## SOURCE DATA
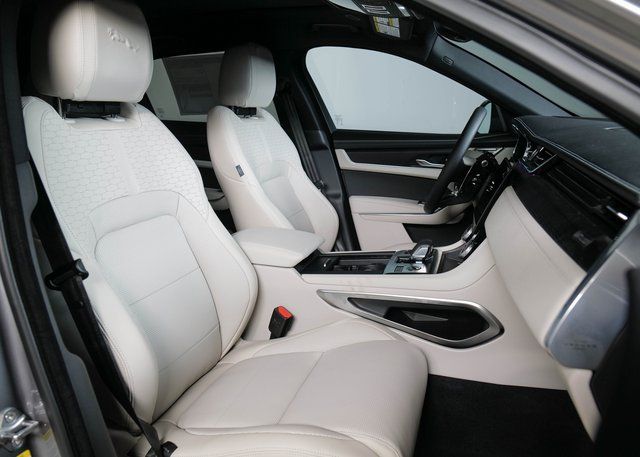 2026 Jaguar F-PACE P250 R-Dynamic S photo 3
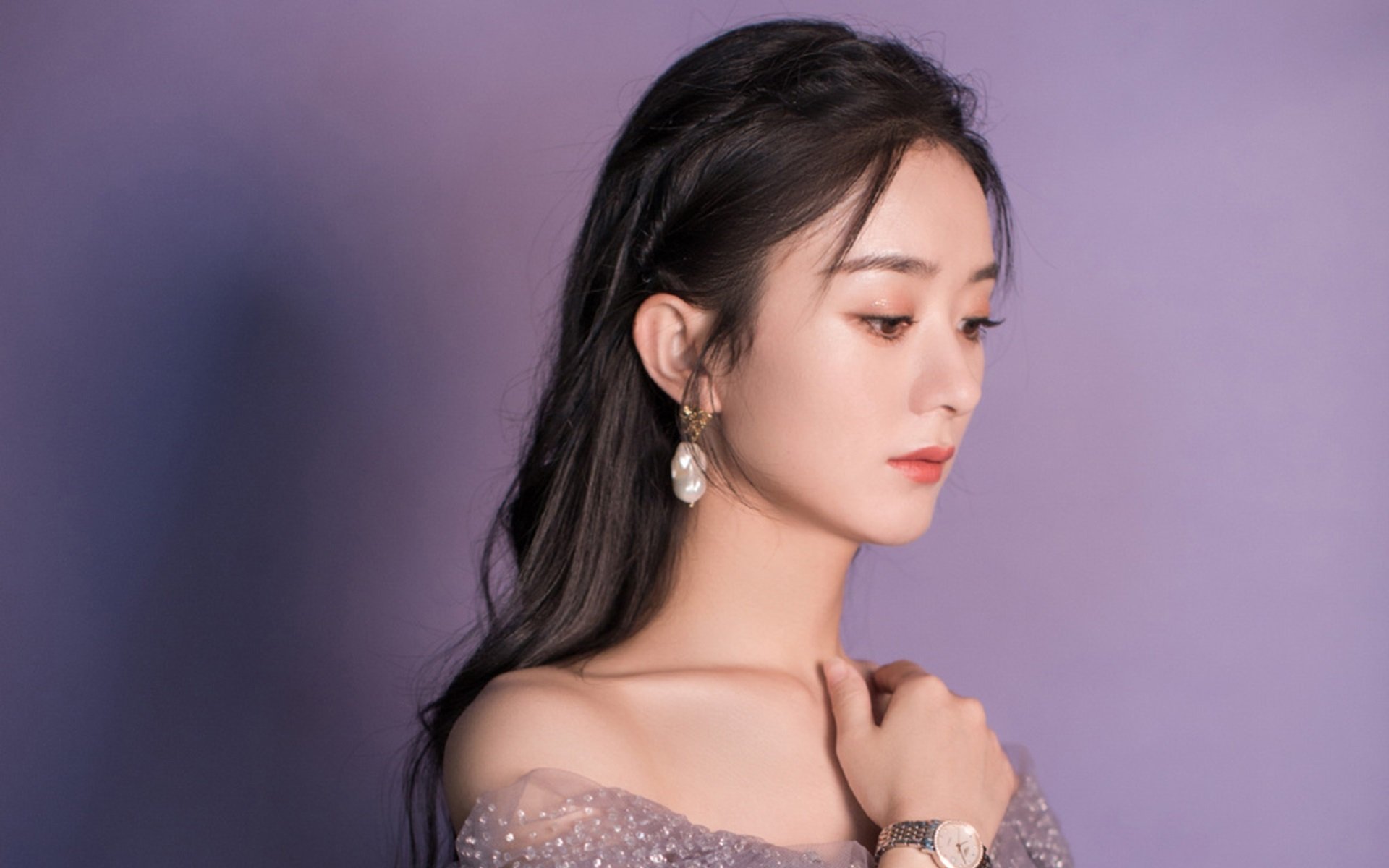 暗夜微光,阿克的六十分贝与一场未被喧嚣掩盖的里程碑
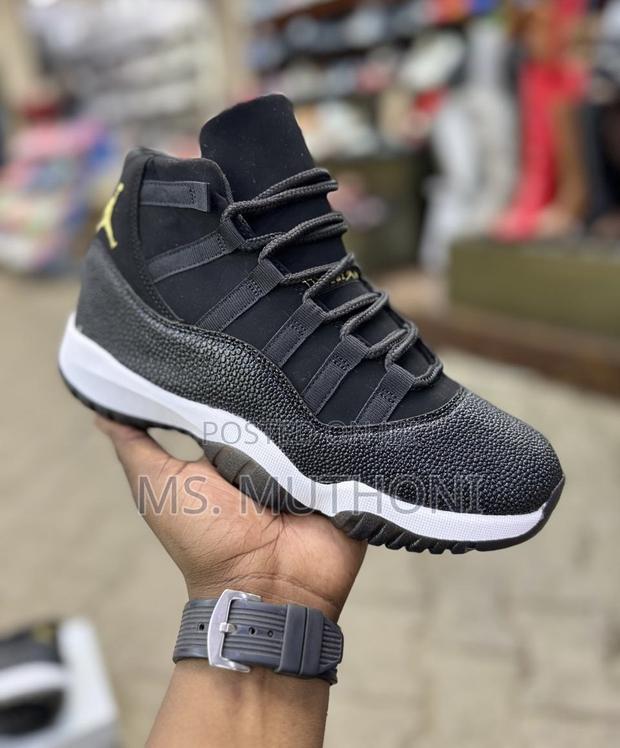 Nike Air Jordan 11 Retro Bred , Heiress ,Cool Grey ,Win Like 82 - main view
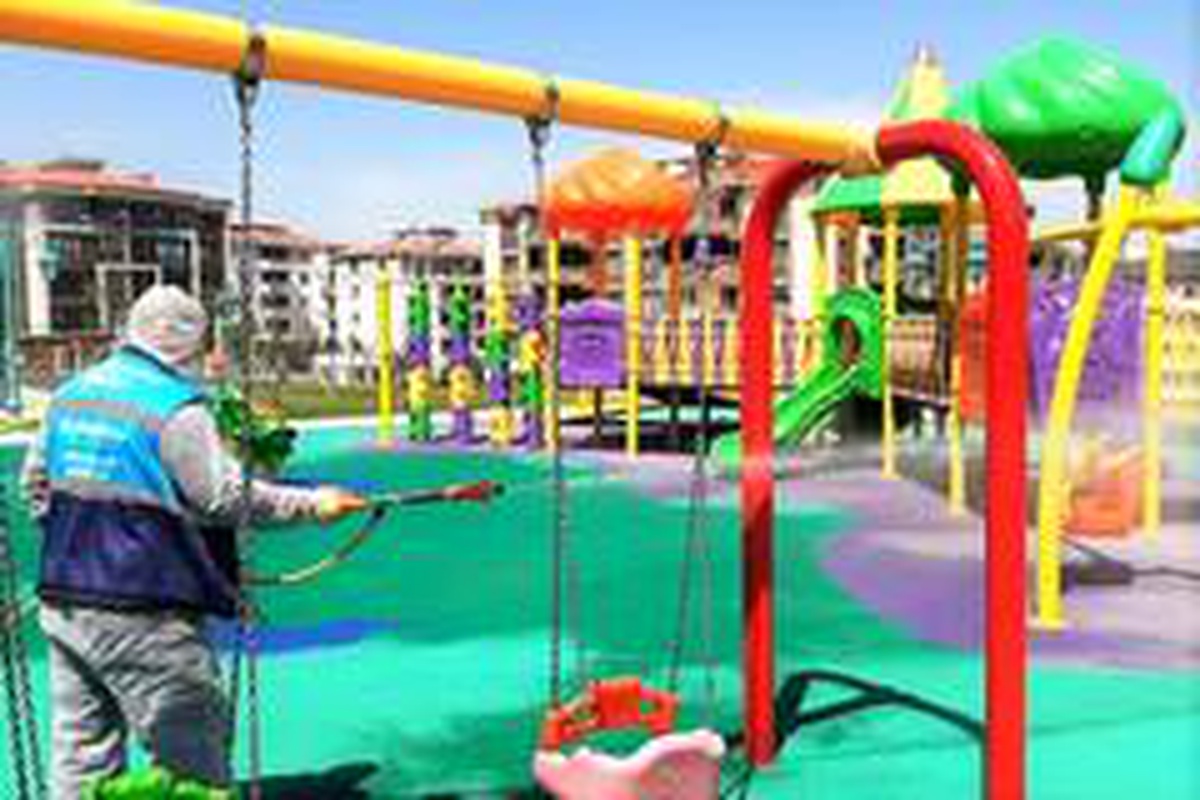 Sokağa çıkma izni öncesi çocuk parkları dezenfekte edildi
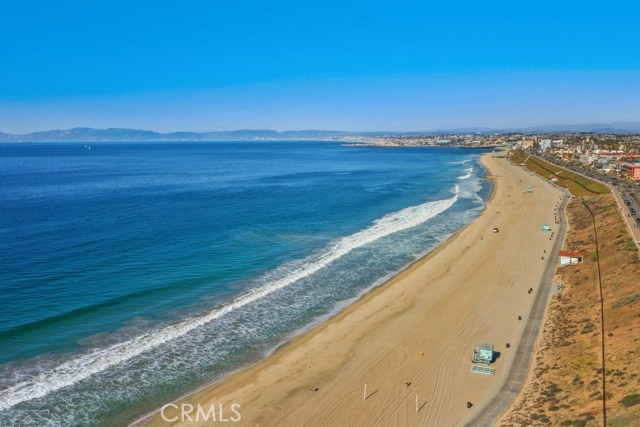 201 Calle Miramar, Redondo Beach, California 90277, 2 Bedrooms Bedrooms, ,2 BathroomsBathrooms,Residential,Sold,Calle Miramar,SB21013107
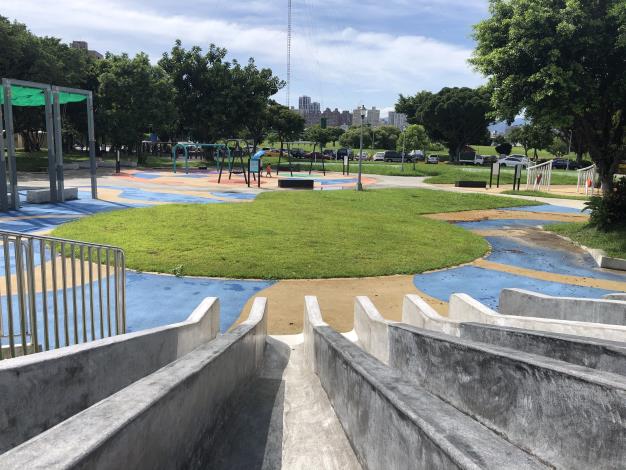 華中河濱公園遊戲場位在華中橋下游側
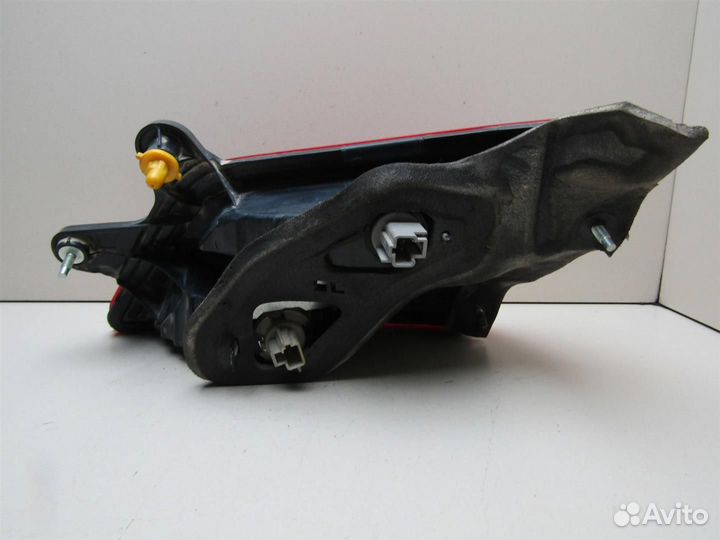 Фонарь задний внутренний левый Subaru Legacy Outb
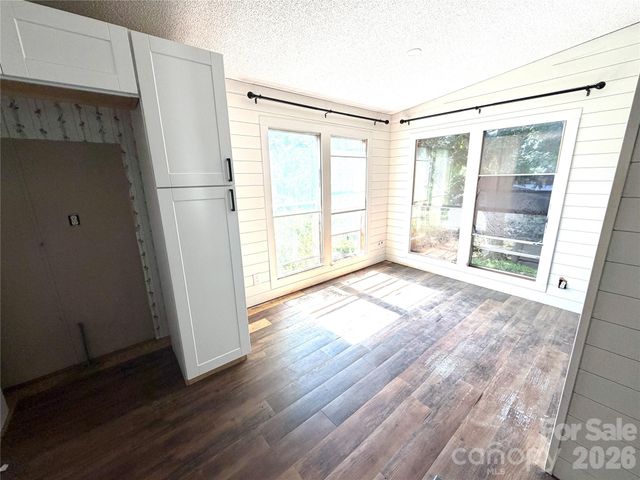 1050 Gold Mine Drive 6, Catawba, NC 28609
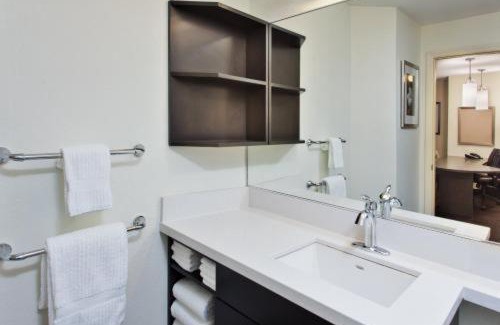 Horsham Hotel | Pet-Friendly Executive Residency in Philadelphia-Willow Grove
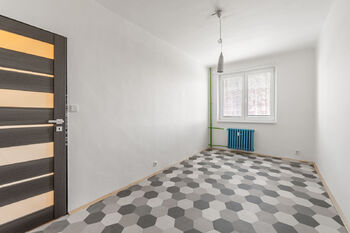 Prodej bytu 4+kk v osobním vlastnictví 71 m², Praha 4 - Záběhlice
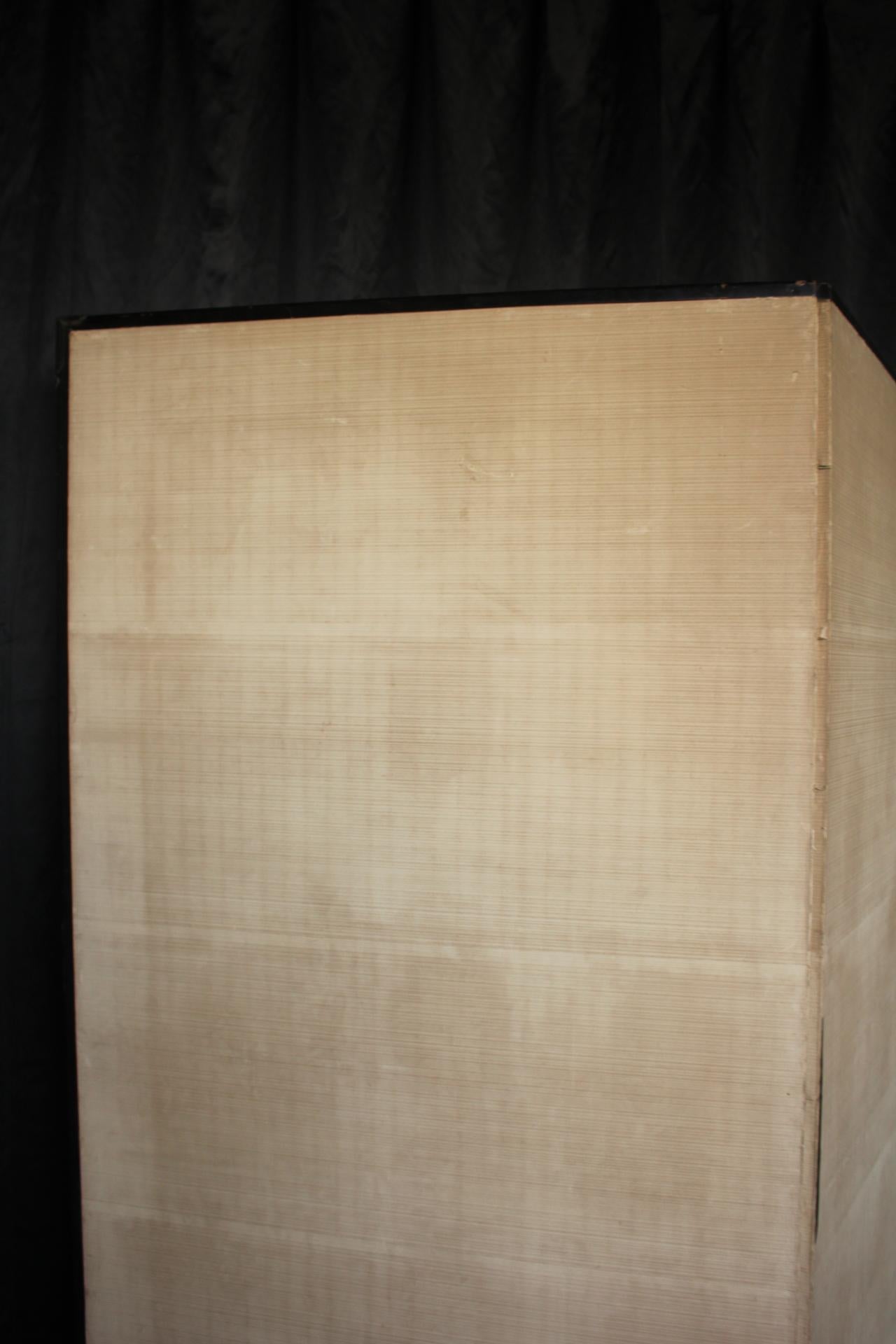 B88 Japanische Antiquitäten Kunst, Silber Hintergrund Bildschirm Byobu im Angebot 10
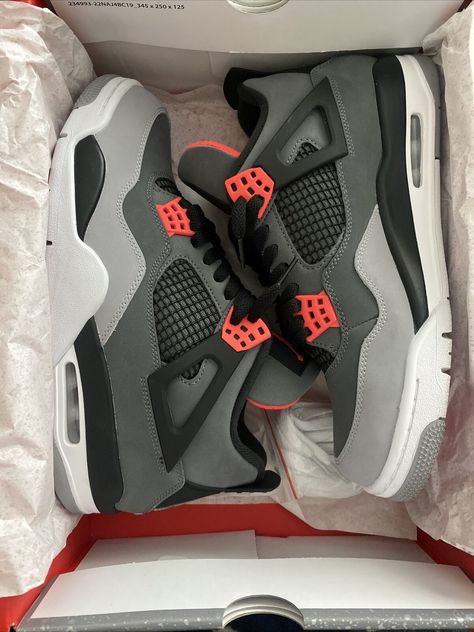 Size 10 - Jordan 4 Infrared Get a price at https://copapair.com/size-10-jordan-4-infrared/ Jordan 4 Infrared, Dream Sneakers, Retro Fitness, Air Jordan Nike, Fitness Shoes, Jordan 4s, Pretty Shoes Sneakers, White Nike Shoes, Nike Fashion Shoes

## TASK OBJECTIVE
The whole listing is to be retyped exactly, with its pictures removed.

## FINISHED EXERCISE
 2026 Jaguar F-PACE P250 R-Dynamic S photo 3
 暗夜微光,阿克的六十分贝与一场未被喧嚣掩盖的里程碑
 Nike Air Jordan 11 Retro Bred , Heiress ,Cool Grey ,Win Like 82 - main view
 Sokağa çıkma izni öncesi çocuk parkları dezenfekte edildi
 201 Calle Miramar, Redondo Beach, California 90277, 2 Bedrooms Bedrooms, ,2 BathroomsBathrooms,Residential,Sold,Calle Miramar,SB21013107
 華中河濱公園遊戲場位在華中橋下游側
 Фонарь задний внутренний левый Subaru Legacy Outb
 1050 Gold Mine Drive 6, Catawba, NC 28609
 Horsham Hotel | Pet-Friendly Executive Residency in Philadelphia-Willow Grove
 Prodej bytu 4+kk v osobním vlastnictví 71 m², Praha 4 - Záběhlice
 B88 Japanische Antiquitäten Kunst, Silber Hintergrund Bildschirm Byobu im Angebot 10
 Size 10 - Jordan 4 Infrared Get a price at https://copapair.com/size-10-jordan-4-infrared/ Jordan 4 Infrared, Dream Sneakers, Retro Fitness, Air Jordan Nike, Fitness Shoes, Jordan 4s, Pretty Shoes Sneakers, White Nike Shoes, Nike Fashion Shoes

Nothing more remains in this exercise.